Poison sumac, R. vernix, grows along the eastern coast and in boggy places throughout the southeast, not in this part of the country. However, people have had such bad experiences with the maddeningly itchy rash it causes they are wary of any plant with “sumac” as part of its name. Earlier in the season, bees here do work another member of the same genus—R. toxicodendron, poison ivy, which causes a similar rash. But the honey that bees make from it does not harm human beings. In fact, there is only one plant in this country from which bees produce honey generally poisonous to people. It is the mountain laurel (Kalmia latifolia), the evergreen shrub that frosts eastern mountains with its white flowers in the springtime. Mountain laurel contains a poison called andromedotoxin and its effect has long been known. Writing in an 1875 issue of Gleanings in Bee Culture, a surgeon who had been with the Confederate army wrote:
Wherever the Mountain Laurel grows the bees are very fond of it.… It is dangerous for any one unable to detect the taste to eat the honey.
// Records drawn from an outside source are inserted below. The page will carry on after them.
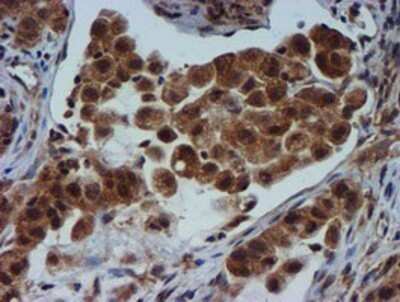 Immunohistochemistry: TIMP-2 Antibody (OTI1A6) - Azide and BSA Free [NBP2-74521]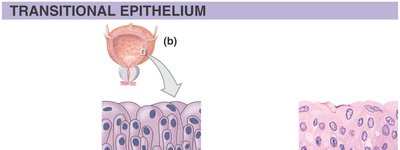 Transitional epithelium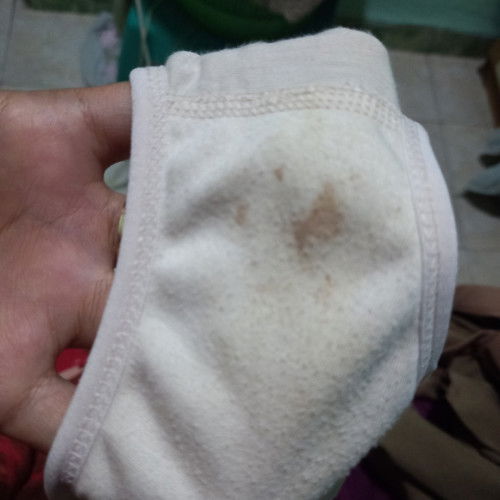 Keluar flek lagi setelah 10 hari tidak flek..kenapa ya bun?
It has a highly poisonous effect, being an extremely distressing narcotic.… During the war I had many opportunities of witnessing its effects and on one occasion, personal experience gave me the right to say that I knew something about it.… Some time after eating a queerish sensation of tingling all over, indistinct vision, caused by dilation of the pupils, with an empty dizzy feeling about the head and a horrible nausea which would not relieve itself by vomiting.… The first case or two that I saw were entirely overpowered by it, and their appearance was exactly as if they were dead drunk.… The enervation of all the voluntary muscles was completely destroyed. The usual remedies for narcotics partially restored them in a few hours, but the effects did not completely wear off for two or three days.…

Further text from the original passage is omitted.